The concern is not that the water is contaminated, but rather that the water may be ‘too clean’.

After treatment by reverse osmosis, recycled water tends to contain only very low concentrations of important minerals such as calcium, magnesium and potassium, -all of which are essential to sustain aquatic life. Furthermore, there is none of the microscopic algae and other phytoplankton, which fish feed on, or nutrients required to grow such plants.

In most schemes, subsequent to reverse osmosis, water is ‘remineralised’, typically with calcium carbonate prior to transport or re-use. I would expect that in most environmental flow situations, further natural remineralisation and mixing with algae and nutrients would occur very quickly. But perhaps it is possible that if the water was not carefully adjusted prior to release, and then contributed (by far) the major portion of the environmental flow, then a waterway could indeed become deficient in some important chemical and microbial components.
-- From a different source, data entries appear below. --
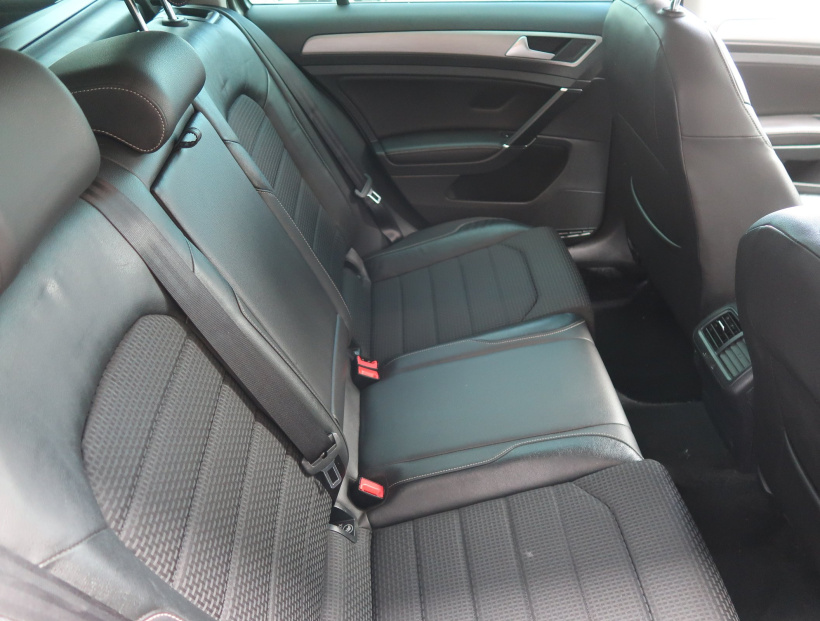 Volkswagen Golf, 2016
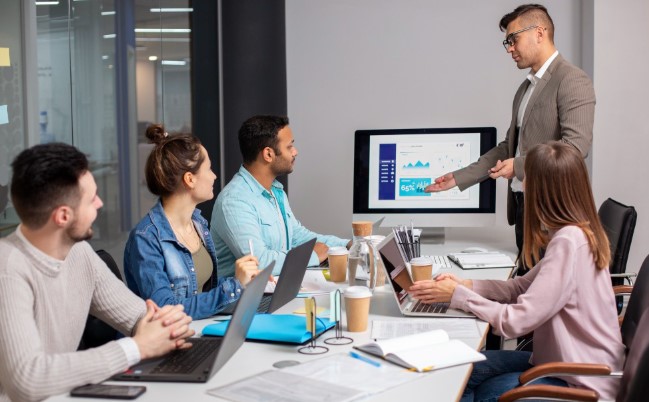  التسويق عبر وسائل التواصل الاجتماعي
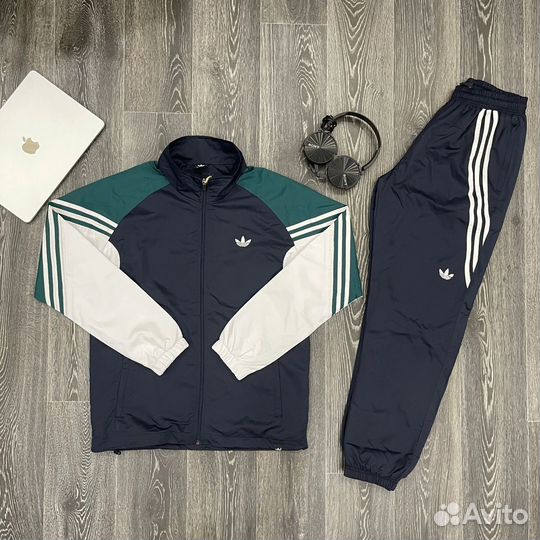 Костюм спортивный adidas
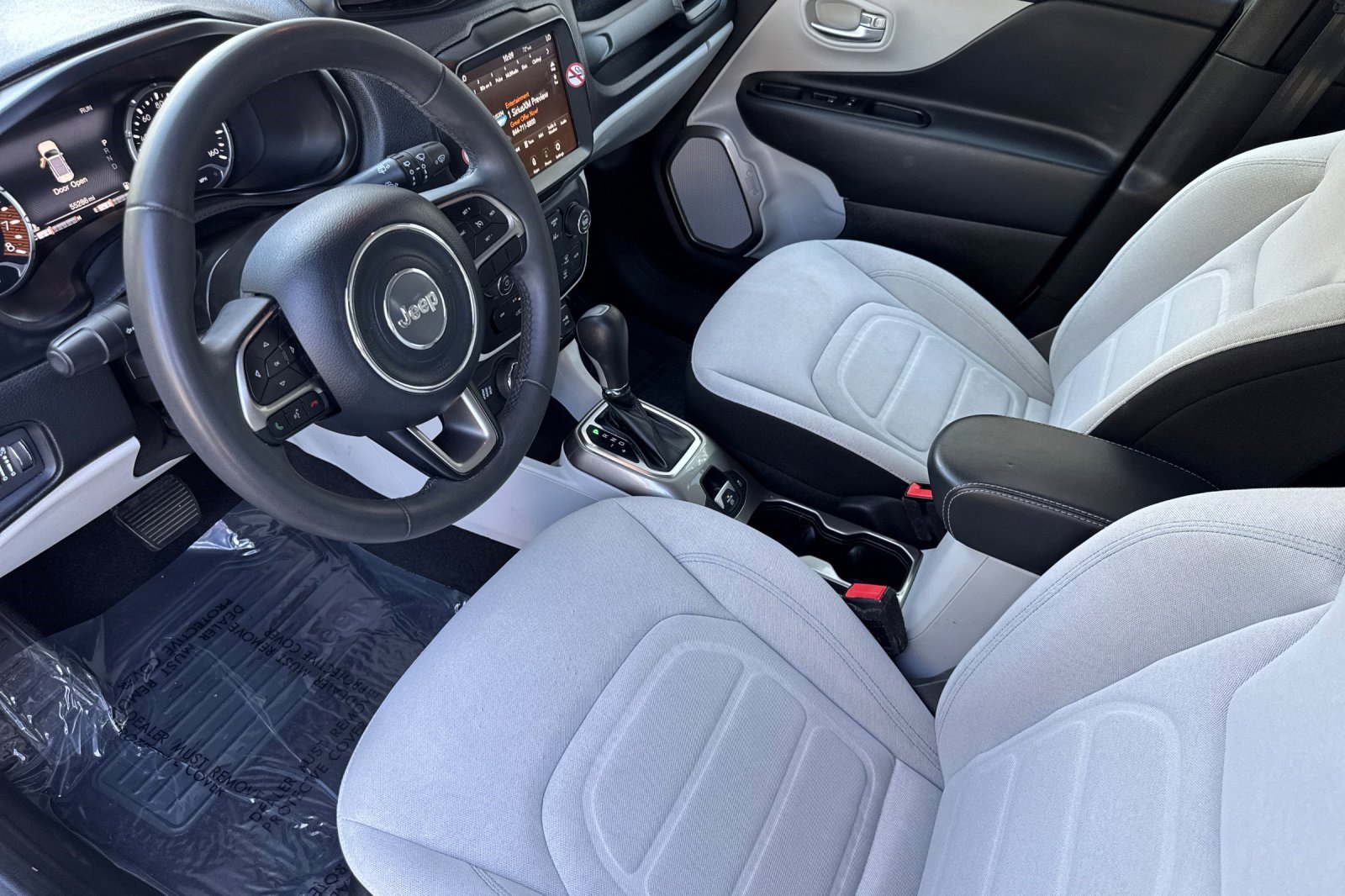 2022 Jeep Renegade Latitude photo 3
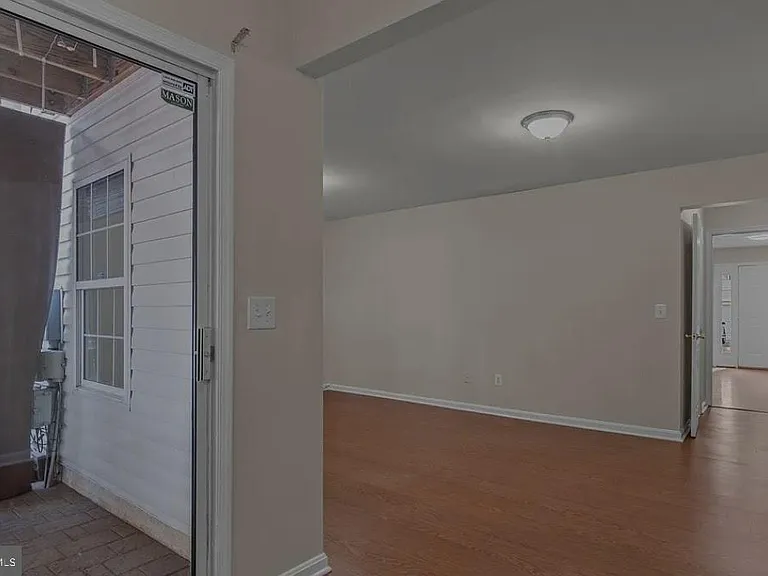 18763 Trident Sq — Photo 5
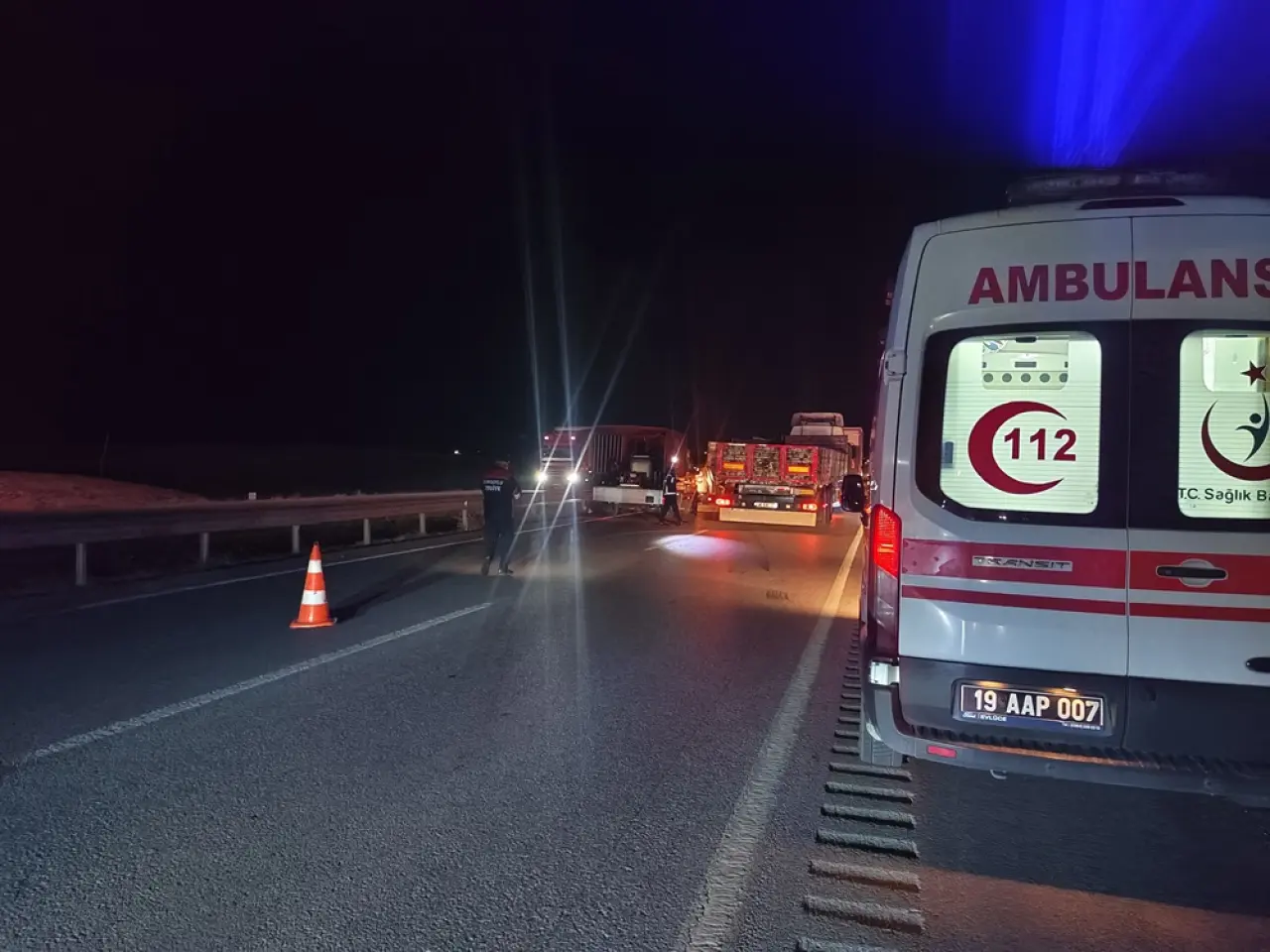 5 Araç Birbirine Girdi: 3 Yaralı 2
There are a number of major environmental flow supplementation schemes currently under consideration or development around Australia (in Melbourne, Sydney and South East Queensland). Accordingly, I think this question warrants a closer look. The overall mineral and nutrient balance from various receiving waters to a river or reservoir is something that should be considered when assessing the environmental impacts of any proposed scheme.

Recycled Water 'Too Clean' for Yarra, Say Critics
By Peter Ker
The Age, April 18, 2008

A VICTORIAN Government proposal to divert billions of litres of recycled sewage into the Yarra River could hurt the waterway because the water could be "too clean", environmental groups have warned.

The Government is searching for the best way to use the 100 billion litres that will be recycled annually at the Eastern Treatment Plant plant at Bangholme once an upgrade is completed in 2012.

The Yarra proposal is one of two that have been under consideration since late last year. The second is piping the recycled water to the Latrobe Valley for use at power stations.

But Green groups have become concerned about the Yarra plan since briefings at which the Government made it clear that more water would be removed from the Upper Yarra for drinking if the recycled scheme went ahead.

That means the recycled water would be more of a substitute for river water rather than additional flows, with water diverted into Melbourne's dams just two kilometres upstream of where the recycled water would be piped into the river.

Those opposed to the plan include some of the most vocal campaigners for increased environmental flows in the river, with Environment Victoria spokeswoman Leonie Duncan saying that she had serious concerns.

"The purified recycled water that will be coming from the Eastern Treatment Plant will be the equivalent of distilled water," she said.

"It sounds bizarre, but it will actually be too clean for the Yarra. It will lack that real physical and chemical composition that is required to feed the chain of life in a river."

These claims were backed by Yarra Riverkeeper Ian Penrose, who said the idea of substituting recycled water for Yarra water was appalling.

"If it provides additional water to the Yarra and they take no more water out, we would be much more enthusiastic about this," he said.

"It's because they are going to do this as an excuse to take more water out that we are angry."

Despite being funded by Government-controlled bodies such as Melbourne Water and the Environment Protection Authority, Mr Penrose has been vocal in his criticism of the Brumby Government for failing to honour election promises to increase environmental flows in the Yarra.

He said recycled water was "better than no water" but was "a second choice to natural river water".

"The river needs the little bits and pieces in it as part of life," he said.

The Government is expected to decide how to use the recycled water when the two business cases are completed later this year.

Water Minister Tim Holding said he was aware of the argument that recycled water might not be ideal for river flows.

"That is why a business case is being done," he said.

"The purpose of having a multiple set of options is to give us the flexibility to select the superior option … that will address those issues as to what an environmental flow should look like."